-- Extracted material follows --
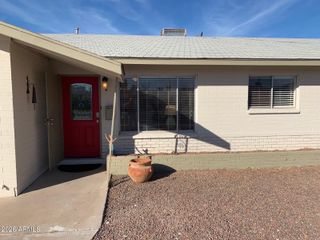 3018 S DROMEDARY Drive, Tempe, AZ 85282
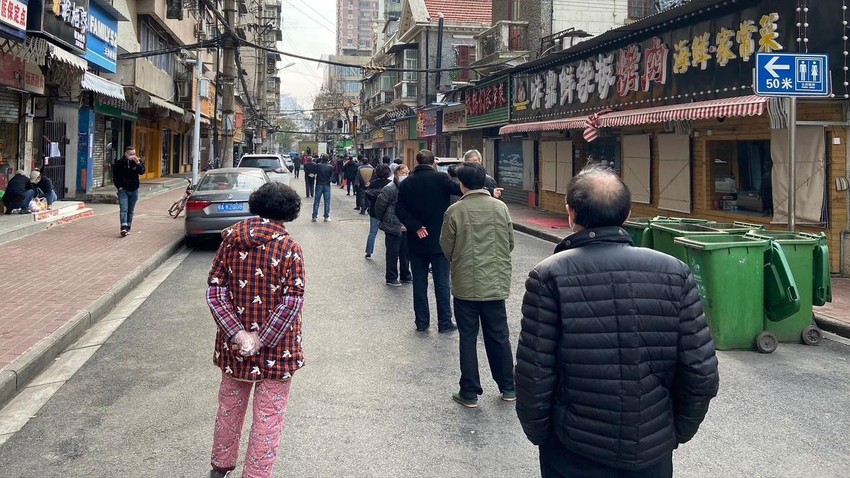 Formirali su se dugi redovi na mnogim mestima za testiranje | Foto: Tristan Liu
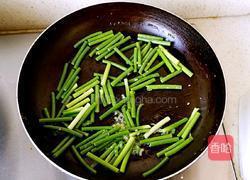 鸡蛋炒蒜苔的做法图解5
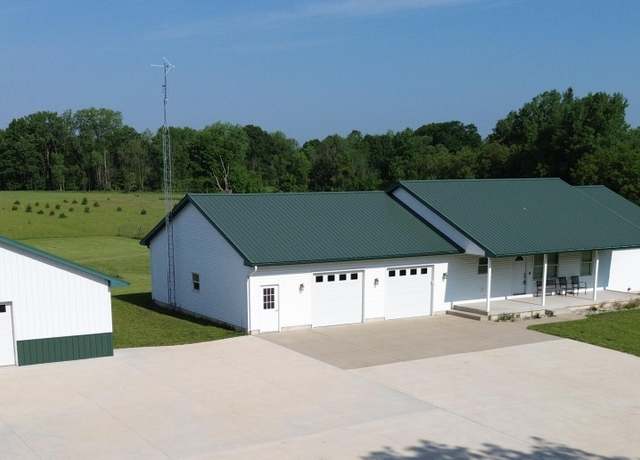Property at 8285 N Musson Rd, Six Lakes, MI 48886, 3 beds, 2 baths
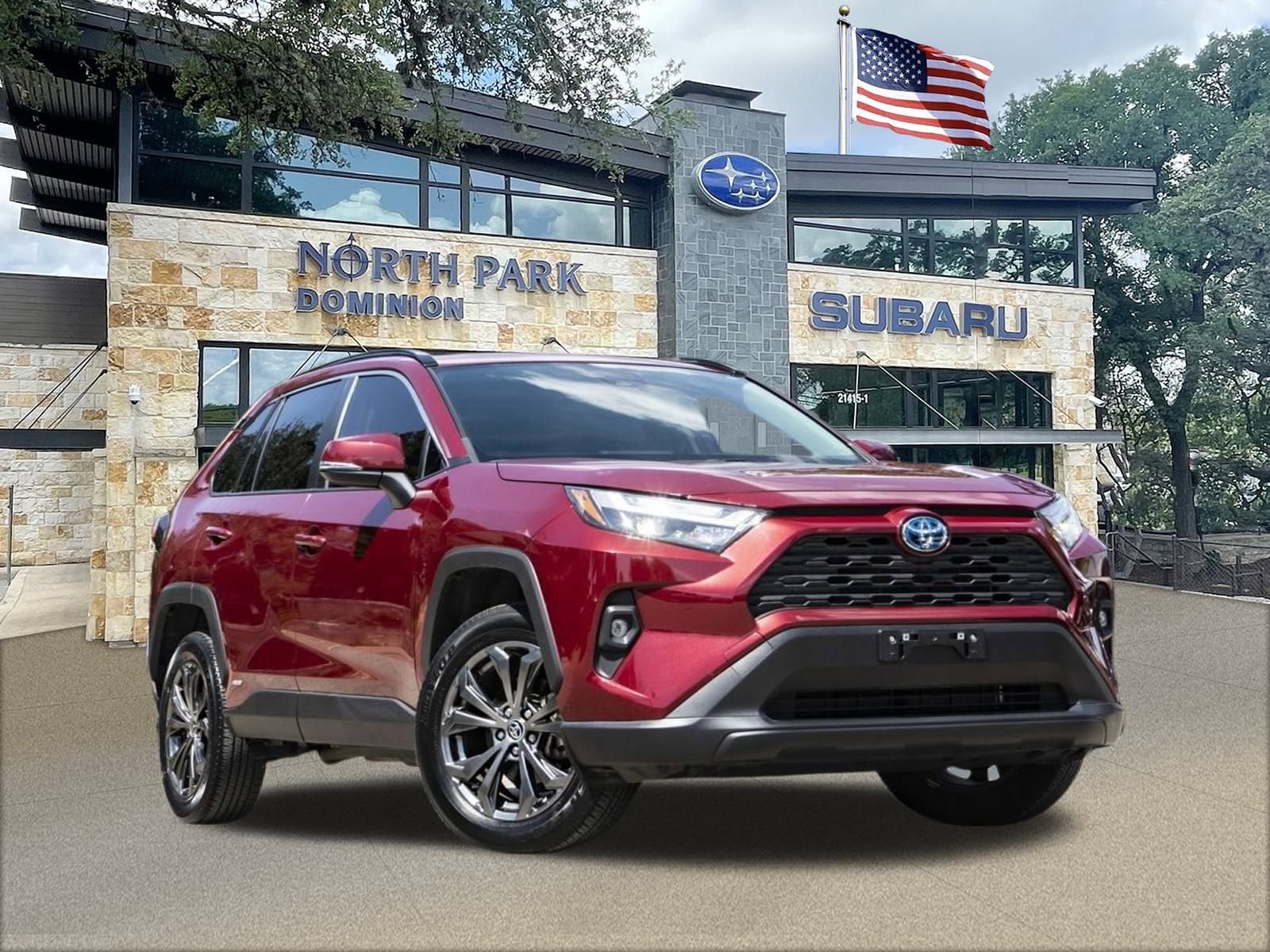 2022 Toyota RAV4 XLE Premium's photo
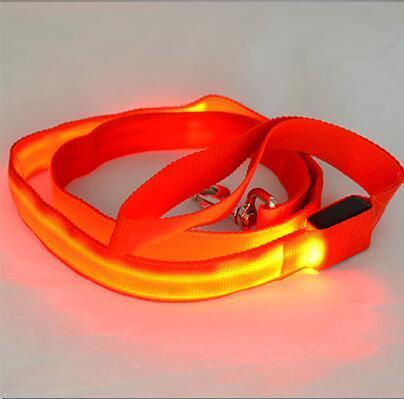 Glow-In-The-Dark LED Leash dog leash Happy Paws Red 
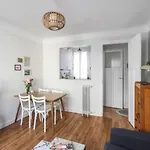 Cute Flat For 3P In The Heart Of The 11Th District
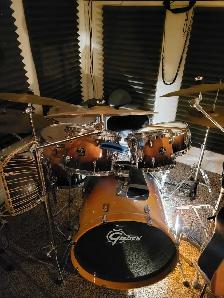 Gretsch Drum Set - Photo 3
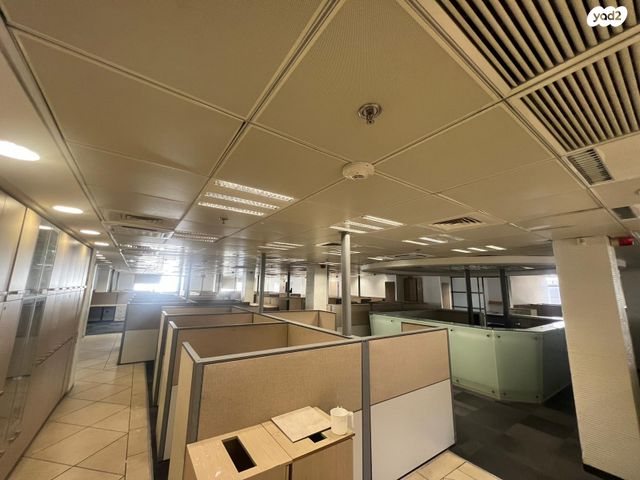 בניין משרדים, המצודה, אזור תעשיה, אזור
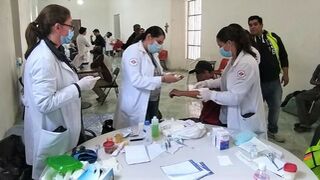Médicos voluntarios. Aliviando el dolor.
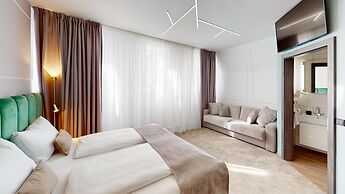 NED Hotel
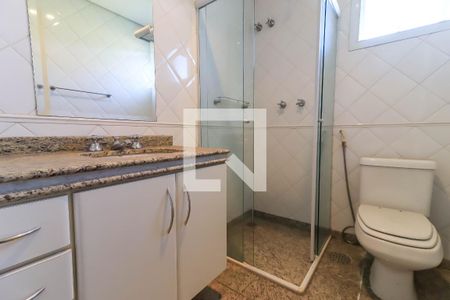 Casa à venda com 350m², 4 quartos e 7 vagasBanheiro da Suíte 1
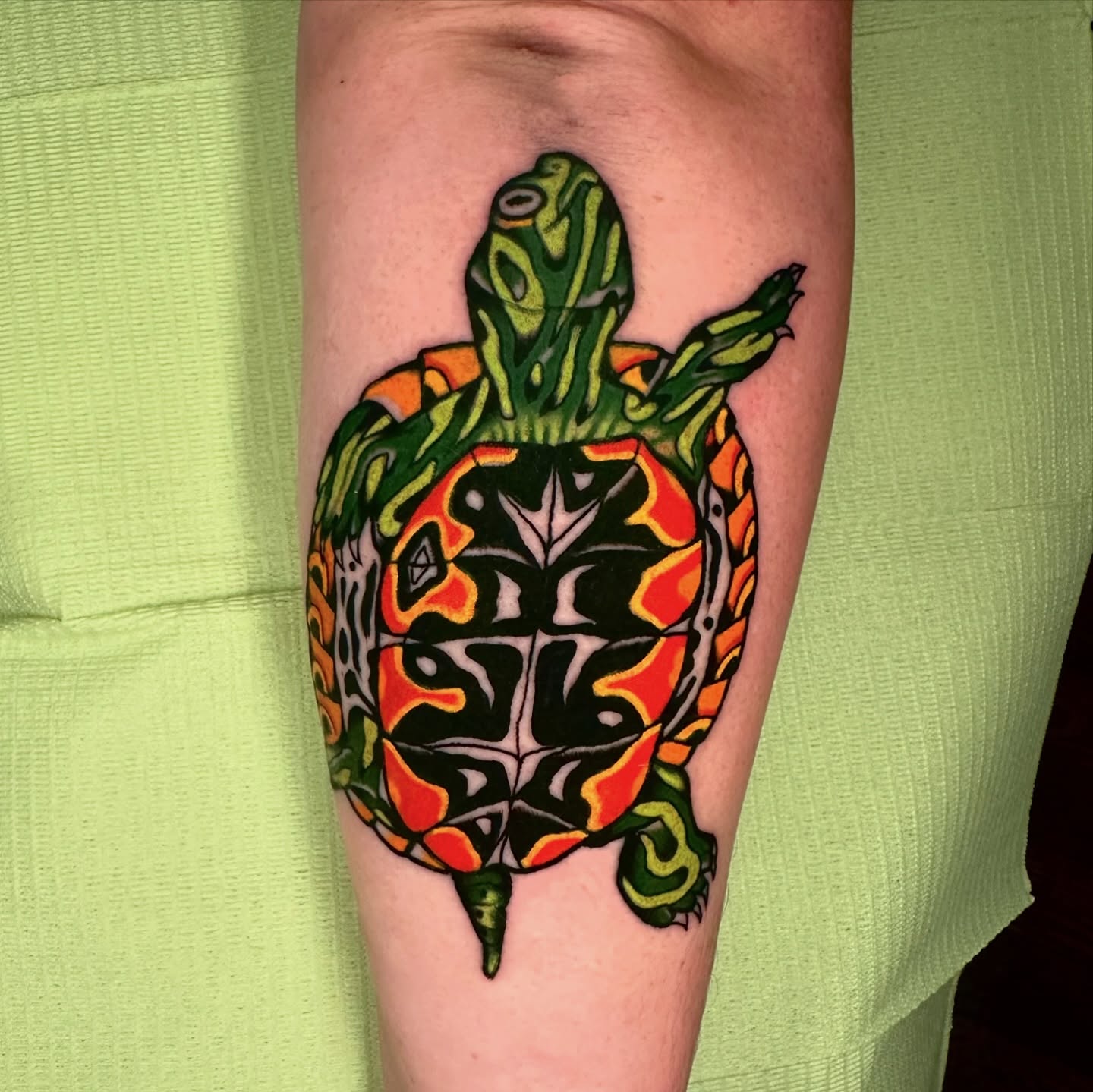 Small and delicate sea turtle tattoo designs for first-time tattoo lovers 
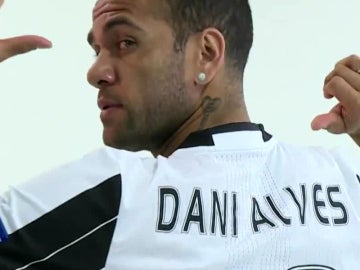 Dani Alves posa con la camiseta de la Juventus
-- Extracted material concluded --
> [Try it]: Leaving out each picture, repeat exactly the lines above from the one that contains "Formirali su se" through the one that contains "Médicos voluntarios. Aliviando el dolor.".

> [Task result]:
 Formirali su se dugi redovi na mnogim mestima za testiranje | Foto: Tristan Liu
 鸡蛋炒蒜苔的做法图解5
Property at 8285 N Musson Rd, Six Lakes, MI 48886, 3 beds, 2 baths
 2022 Toyota RAV4 XLE Premium's photo
 Glow-In-The-Dark LED Leash dog leash Happy Paws Red 
 Cute Flat For 3P In The Heart Of The 11Th District
 Gretsch Drum Set - Photo 3
 בניין משרדים, המצודה, אזור תעשיה, אזור
Médicos voluntarios. Aliviando el dolor.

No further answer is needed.